The fact that these people have been booked and charged with a crime instead of being sent to rehabilitation to treat their illness should have given you a clue. That, and that in this country trying to get insurance companies to pay for meaningful drug rehabilitation programs is almost impossible, not to mention that government-run rehab programs, as far as they do exist, are terribly funded, ineffective and hard to get into.
So no, it is not “readily available.” Where have these people been? Canada? Germany?
Most importantly, there is a human being behind every mug shot depicted in this PSA; a human being with their own life’s stories, paths and trajectories. No one knows what has taken place in their lives leading them to resort to drug use and the addiction that comes from it. To judge them as if one did is mendacious.
Sending someone who suffers from the disease of addiction to jail is no different than incarcerating someone suffering from cancer or Alzheimer’s or Parkinson’s.
Moreover, since low-income and/or racial minorities are disproportionately incarcerated for drug use, this undertaking has, essentially, become another way of criminalizing the poor for being poor.
Now what if all the taxpayer money that’s used arresting, processing, trying, probably public defending and jailing drug addicts were instead used toward social programs that would support such people in the first place? What if instead of jail time, we offered help? How about trying to find out what those ills were that got them into heavy drug use in the first place, instead of making this ridiculous, callous assumption that they are there because they enjoy being there, because they made that choice and because they devalue their lives?
Although I do wonder how people who have been outcast and thrown away by society as disgusting, irresponsible worthless wrecks are going to “love themselves.”
People in this country tend to criticize “government hand-outs” and talk about the social safety net like it’s a giant waste of taxpayer money—a “wealth redistribution program” to steal rich folks’ money and give it to the poor. And they do not see the moral failing in such an argument because the same people that talk about social safety net programs as being a waste of money have no problem seeing that very money be used to send sick people to jail (or support defense contractors, oil companies, corporations, banks and the wealthy in the form of tax exemptions etc).
Unworthy of Help
The thinking that one needs additional negative consequences for harming one-self assumes that whatever situation one finds one-self in is not sufficient consequences. Even if someone is in an incredibly terrible situation of their “own making” (which is an extreme oversimplification as no one lives in a vacuum) somehow that’s not enough punishment in and of itself.
The thing I truly abhor about this kind of rhetoric and way of thinking is that even if, given the same set of circumstances, I or Joe Green over there, would have emerged differently than someone else: So what? Different people are different.
And even in cases where someone is in a terrible situation because of their own making and bad choices: So what? Why is that justification to not help them?
I fully understand the value of consequences for harming others.
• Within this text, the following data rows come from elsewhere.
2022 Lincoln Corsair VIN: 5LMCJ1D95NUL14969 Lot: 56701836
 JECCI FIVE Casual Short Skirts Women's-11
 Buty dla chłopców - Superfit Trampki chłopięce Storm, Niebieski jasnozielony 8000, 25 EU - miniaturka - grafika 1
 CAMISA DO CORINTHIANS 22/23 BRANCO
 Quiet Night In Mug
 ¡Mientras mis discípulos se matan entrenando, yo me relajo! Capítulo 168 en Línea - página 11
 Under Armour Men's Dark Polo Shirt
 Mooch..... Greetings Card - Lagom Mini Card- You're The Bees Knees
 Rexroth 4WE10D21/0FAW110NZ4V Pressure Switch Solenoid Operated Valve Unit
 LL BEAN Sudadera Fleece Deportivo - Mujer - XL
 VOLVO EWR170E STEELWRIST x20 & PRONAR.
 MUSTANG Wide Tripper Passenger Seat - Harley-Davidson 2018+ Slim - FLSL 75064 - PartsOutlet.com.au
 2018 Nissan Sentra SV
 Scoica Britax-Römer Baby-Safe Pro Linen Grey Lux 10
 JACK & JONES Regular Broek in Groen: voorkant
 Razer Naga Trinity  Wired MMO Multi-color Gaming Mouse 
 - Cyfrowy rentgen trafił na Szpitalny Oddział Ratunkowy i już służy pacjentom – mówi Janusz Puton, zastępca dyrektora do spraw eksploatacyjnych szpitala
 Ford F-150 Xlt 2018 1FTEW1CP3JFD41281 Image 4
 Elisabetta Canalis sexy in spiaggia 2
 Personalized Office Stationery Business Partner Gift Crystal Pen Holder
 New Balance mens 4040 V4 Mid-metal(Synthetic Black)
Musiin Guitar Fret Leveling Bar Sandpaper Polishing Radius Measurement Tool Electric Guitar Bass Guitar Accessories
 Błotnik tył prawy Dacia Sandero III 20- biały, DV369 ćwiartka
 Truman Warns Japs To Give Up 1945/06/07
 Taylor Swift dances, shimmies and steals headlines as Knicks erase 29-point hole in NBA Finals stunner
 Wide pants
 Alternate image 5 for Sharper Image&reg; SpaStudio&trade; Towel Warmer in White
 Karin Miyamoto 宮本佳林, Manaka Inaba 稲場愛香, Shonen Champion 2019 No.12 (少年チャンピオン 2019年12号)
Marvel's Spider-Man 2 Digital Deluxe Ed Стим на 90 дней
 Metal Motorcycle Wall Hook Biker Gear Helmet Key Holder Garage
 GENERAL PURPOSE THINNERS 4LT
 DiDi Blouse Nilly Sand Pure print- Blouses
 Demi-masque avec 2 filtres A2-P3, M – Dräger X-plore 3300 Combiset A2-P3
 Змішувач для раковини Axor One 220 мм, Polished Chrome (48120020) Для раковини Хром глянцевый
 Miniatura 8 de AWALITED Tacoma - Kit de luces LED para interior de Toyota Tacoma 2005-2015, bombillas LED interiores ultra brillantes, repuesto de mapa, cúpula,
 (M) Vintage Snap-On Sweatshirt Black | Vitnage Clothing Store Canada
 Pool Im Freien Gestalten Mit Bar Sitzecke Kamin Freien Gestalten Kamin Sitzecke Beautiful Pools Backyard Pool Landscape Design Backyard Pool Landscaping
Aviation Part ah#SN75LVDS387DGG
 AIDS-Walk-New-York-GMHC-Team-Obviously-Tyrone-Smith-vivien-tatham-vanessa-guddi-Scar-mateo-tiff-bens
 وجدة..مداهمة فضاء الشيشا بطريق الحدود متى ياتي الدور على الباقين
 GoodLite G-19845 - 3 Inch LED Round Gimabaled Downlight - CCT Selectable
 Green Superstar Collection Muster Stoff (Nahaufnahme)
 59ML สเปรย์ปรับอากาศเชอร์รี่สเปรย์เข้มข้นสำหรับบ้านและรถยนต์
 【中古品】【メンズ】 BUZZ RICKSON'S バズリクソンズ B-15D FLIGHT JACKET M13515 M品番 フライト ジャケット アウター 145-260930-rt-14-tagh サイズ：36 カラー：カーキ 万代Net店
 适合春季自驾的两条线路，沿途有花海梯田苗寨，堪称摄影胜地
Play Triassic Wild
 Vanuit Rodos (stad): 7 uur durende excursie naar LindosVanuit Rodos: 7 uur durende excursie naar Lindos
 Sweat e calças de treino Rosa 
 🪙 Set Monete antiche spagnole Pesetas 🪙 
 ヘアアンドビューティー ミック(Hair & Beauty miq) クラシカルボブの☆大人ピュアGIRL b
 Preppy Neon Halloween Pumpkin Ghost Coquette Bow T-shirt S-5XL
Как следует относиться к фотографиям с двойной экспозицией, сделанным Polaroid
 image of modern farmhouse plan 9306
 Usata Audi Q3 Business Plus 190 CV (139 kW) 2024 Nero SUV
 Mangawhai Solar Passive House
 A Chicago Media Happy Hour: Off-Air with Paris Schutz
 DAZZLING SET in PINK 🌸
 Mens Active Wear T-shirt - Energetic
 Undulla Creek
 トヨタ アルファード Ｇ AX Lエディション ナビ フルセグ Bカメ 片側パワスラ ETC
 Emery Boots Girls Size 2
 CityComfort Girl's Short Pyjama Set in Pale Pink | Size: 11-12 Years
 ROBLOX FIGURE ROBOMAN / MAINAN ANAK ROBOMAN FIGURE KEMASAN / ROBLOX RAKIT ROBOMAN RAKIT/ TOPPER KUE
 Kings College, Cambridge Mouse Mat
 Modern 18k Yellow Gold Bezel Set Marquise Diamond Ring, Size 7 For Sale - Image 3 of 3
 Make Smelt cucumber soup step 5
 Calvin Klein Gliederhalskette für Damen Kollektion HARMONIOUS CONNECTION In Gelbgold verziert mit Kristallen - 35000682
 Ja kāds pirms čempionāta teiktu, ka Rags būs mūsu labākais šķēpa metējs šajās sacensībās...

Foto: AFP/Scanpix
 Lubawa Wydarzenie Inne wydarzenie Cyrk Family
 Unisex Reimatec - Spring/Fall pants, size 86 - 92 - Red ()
I will, however, never understand the alleged value of consequences for harming oneself.
This calculated, cultivated lack of empathy in our society for anyone who isn’t successful, healthy, wealthy and “wise”, is very disconcerting and quite visible in the face of every person in these mug-shots.
Love, empathy and compassion are necessities if we are going to make it as a peoples and nation. They are not luxuries.
I wish people who just casually judged, blamed and dismissed a person in peril like that, praying self righteously to their “God” that the drug addicts in the mugshots may not have any children, would, instead, pray to their “God” that these people who are undoubtedly suffering, get the help they need – which would necessitate voting for programs that aide such people as opposed to voting for policies and politicians that do everything they can to dismantle the programs that aide these people.